» **What to work on**
Taking the line with "Johnny Was JADE" as the first and the line with "Victorinox Swiss Classic, Profi" as the last, set down exactly every line in that range from the entries below, and no more.

(Web page caption snippets)
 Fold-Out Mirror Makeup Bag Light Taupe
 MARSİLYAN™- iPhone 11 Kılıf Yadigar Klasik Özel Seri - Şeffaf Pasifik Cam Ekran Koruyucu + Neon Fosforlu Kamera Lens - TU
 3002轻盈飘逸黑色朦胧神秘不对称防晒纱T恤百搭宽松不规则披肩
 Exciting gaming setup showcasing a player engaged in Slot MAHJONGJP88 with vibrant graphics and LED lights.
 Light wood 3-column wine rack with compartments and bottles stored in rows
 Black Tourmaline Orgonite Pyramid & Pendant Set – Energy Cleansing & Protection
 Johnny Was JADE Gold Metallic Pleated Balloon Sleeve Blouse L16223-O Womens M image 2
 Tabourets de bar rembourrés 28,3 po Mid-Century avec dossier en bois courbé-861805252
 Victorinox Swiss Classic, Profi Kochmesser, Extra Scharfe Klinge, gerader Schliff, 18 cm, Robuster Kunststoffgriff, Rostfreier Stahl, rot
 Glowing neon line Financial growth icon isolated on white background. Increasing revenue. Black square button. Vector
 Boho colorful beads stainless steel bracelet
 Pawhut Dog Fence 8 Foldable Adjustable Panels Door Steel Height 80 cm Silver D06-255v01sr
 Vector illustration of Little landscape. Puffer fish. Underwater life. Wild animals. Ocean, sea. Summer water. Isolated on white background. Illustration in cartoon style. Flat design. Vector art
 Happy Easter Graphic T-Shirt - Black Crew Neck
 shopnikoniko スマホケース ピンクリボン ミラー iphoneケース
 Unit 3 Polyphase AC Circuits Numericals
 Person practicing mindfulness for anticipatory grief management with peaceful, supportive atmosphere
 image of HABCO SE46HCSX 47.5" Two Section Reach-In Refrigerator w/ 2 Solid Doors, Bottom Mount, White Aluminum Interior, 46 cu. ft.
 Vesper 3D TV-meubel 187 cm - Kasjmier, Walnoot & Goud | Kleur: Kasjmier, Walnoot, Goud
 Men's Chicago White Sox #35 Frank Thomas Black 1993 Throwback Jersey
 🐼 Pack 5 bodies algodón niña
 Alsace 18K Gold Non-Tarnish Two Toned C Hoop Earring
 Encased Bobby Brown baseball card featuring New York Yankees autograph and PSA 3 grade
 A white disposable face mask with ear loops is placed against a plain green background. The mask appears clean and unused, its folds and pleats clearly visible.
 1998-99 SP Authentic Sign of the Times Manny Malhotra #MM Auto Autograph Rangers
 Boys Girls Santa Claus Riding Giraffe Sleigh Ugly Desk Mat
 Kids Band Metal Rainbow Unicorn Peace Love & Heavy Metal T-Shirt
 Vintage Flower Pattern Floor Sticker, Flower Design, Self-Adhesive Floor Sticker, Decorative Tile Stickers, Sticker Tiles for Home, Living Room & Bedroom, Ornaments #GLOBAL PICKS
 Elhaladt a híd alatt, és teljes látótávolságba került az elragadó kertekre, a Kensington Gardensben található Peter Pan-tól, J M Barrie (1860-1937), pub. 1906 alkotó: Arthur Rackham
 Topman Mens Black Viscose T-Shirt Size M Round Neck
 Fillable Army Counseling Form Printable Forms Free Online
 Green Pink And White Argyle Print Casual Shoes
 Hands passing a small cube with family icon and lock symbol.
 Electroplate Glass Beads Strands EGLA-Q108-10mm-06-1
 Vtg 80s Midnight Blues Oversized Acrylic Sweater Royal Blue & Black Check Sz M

» **Reply**
 Johnny Was JADE Gold Metallic Pleated Balloon Sleeve Blouse L16223-O Womens M image 2
 Tabourets de bar rembourrés 28,3 po Mid-Century avec dossier en bois courbé-861805252
 Victorinox Swiss Classic, Profi Kochmesser, Extra Scharfe Klinge, gerader Schliff, 18 cm, Robuster Kunststoffgriff, Rostfreier Stahl, rot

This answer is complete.